Printing Outlook 2020 – The WhatTheyThink Overview of the Current State of the Printing Industry

Updated April 28, 2020 to include a COVID-19 Survey that we conducted Late March/Early April 2020.

The Printing Outlook 2020 report provides detailed analysis of the latest WhatTheyThink Printing Industry Survey, the latest industry economic data and macroeconomic trends, as well as industry and cultural technological trends to look out for in 2020 and beyond.

The executive report was prepared by Richard Romano and looks back at 2019 and ahead to what the industry can expect, economically and technologically, in 2020. The report features the results of the WhatTheyThink Printing Industry Business Outlook Survey conducted in Fall 2019, and includes current and expected business conditions, top business challenges, top business opportunities, and planned investments for 2020. Additional questions asked about shops’ interest in adding new specialty graphics areas such as wide-format or textile printing, as well as shops’ hiring plans for the next 12 months.

The report also offers the latest government data on printing industry shipments, establishments, profits, and employment, as well as the economy in general, and includes an industry forecast to 2028, as well as some technology and cultural trends the industry should prepare itself for in 2020.

Report highlights:

  • 48% of respondents to our Fall 2019 survey said that 2019 revenues had increased by six percent or more compared to 2018.
  • In terms of revenues, the strongest businesses continue to be either very small or very large shops, with the mid-size shops experiencing little revenue growth, especially when adjusted for inflation.
  • “Pricing” is now reported by print business owners as their number one challenge, with “competition from other print providers” a close second.
  • “Customers outsourcing more work to us” and “partnering with other print providers” were cited as the top business opportunities for 2020.
  • Few print businesses have any substantial planned investments for 2020, but of those who do, binding and finishing equipment tops the list.
  • One-half of print businesses said they plan to hire staff in 2020, primarily sales people.

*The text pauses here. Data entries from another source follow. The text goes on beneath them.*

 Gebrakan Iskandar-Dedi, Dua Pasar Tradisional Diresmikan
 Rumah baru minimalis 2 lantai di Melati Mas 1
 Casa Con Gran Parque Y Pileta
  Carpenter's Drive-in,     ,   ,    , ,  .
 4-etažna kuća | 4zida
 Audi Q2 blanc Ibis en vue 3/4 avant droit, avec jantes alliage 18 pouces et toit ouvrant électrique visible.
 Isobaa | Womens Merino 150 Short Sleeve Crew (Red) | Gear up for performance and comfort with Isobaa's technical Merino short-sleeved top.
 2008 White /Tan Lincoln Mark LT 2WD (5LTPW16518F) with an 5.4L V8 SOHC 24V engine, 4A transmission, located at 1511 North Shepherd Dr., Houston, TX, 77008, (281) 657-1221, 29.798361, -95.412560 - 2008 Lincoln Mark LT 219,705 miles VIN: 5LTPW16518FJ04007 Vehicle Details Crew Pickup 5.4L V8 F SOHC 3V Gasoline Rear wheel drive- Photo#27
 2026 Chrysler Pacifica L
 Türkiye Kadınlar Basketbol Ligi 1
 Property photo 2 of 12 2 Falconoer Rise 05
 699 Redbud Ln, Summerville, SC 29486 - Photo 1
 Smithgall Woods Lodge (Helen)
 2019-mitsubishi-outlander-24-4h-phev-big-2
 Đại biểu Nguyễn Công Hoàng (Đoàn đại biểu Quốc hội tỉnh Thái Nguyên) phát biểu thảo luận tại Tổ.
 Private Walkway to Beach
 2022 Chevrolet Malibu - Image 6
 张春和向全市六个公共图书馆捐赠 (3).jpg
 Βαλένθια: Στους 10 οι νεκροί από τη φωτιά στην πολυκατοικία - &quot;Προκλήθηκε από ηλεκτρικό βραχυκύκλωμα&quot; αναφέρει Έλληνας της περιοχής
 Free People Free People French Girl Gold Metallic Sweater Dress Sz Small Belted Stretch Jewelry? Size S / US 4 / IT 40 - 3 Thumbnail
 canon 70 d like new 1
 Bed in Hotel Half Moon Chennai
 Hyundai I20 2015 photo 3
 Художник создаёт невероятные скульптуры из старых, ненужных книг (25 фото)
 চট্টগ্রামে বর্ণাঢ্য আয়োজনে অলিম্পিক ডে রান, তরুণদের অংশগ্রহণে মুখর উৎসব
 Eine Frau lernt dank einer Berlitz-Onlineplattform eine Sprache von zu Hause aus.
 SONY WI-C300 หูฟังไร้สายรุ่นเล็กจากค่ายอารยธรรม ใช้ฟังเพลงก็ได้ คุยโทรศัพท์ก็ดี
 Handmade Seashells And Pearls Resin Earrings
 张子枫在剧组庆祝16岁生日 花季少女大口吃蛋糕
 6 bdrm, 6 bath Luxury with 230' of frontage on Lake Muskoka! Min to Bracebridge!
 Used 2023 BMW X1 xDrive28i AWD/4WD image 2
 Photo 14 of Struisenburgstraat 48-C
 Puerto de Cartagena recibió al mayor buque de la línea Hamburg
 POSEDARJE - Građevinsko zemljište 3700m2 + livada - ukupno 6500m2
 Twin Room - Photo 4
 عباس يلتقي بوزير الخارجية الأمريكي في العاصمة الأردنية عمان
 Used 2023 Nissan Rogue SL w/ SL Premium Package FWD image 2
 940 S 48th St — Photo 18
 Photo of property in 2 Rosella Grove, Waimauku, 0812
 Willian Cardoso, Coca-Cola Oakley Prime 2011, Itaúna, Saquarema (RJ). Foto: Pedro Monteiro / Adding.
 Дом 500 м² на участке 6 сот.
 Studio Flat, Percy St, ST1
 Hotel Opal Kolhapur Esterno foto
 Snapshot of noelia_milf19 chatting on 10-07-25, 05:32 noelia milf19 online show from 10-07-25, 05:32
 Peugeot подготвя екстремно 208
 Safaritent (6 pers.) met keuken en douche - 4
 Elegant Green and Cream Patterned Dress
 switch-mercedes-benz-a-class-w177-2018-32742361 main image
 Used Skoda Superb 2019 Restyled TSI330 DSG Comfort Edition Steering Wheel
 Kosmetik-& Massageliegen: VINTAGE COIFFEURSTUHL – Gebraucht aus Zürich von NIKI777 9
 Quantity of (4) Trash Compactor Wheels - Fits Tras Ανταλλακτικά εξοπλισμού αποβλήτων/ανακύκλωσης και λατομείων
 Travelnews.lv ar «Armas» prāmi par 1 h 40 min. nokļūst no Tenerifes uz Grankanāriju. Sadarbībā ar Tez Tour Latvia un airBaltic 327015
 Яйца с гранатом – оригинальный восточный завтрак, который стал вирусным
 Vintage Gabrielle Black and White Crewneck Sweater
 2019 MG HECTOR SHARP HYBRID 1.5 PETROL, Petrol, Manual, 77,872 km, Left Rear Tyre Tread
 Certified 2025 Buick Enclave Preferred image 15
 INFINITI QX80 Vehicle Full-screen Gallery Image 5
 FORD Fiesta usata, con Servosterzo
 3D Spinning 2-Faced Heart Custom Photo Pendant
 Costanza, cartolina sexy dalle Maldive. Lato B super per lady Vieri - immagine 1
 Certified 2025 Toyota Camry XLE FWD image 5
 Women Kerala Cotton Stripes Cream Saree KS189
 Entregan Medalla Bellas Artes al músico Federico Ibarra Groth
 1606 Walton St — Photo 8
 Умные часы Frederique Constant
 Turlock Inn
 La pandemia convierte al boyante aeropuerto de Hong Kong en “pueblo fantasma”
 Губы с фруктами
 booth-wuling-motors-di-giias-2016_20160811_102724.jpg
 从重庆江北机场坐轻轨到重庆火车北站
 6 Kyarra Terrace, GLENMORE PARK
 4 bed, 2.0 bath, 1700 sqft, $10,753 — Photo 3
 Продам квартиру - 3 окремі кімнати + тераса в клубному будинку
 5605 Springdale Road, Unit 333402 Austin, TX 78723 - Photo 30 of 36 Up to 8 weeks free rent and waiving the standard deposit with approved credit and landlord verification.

Print business owners will find the report essential for their planning, in order to put the marketplace and their strategic actions in realistic perspective. Industry suppliers will benefit from the insights into printer decision-making processes and the foundation of new industry demographic data that debuts in this report. Non-economic trends also offer ideas for what to pay attention to in the new year, and larger cultural and technological; trends indicate where marketing professionals and brandowners will likely be focusing their promotional dollars.

What’s included in this report

Section 1 presents our Fall 2019 survey data about current (2019) and expected (2020) business conditions, specifically how print businesses fared vis-à-vis revenues, number of orders, and profits.

Section 2 presents our survey data on print businesses’ top challenges, opportunities, and planned investments.

Section 3 presents the results of our survey question asking the extent to which commercial print businesses are looking to add new capabilities like wide-format printing, textile printing, specialty printing, 3D printing, and other new products and services—or if they have added them already.

Section 4 presents the results of our survey question about print businesses’ hiring plans. Do they have any and, if so, for which positions?

Section 5 rounds up a variety of printing industry data—establishments, establishment births/deaths, shipments, profits, employment, and so on.

Section 6 provides the latest general macroeconomic data. These data are important to put industry data into the proper macroeconomic context.

Section 7 offers what we see as the hot, cold, and lukewarm trends for 2018, as well as WhatTheyThink’s economic and printing industry forecast.

The survey methodology is detailed in Appendix A. Our explanation of survivor bias is presented in Appendix B.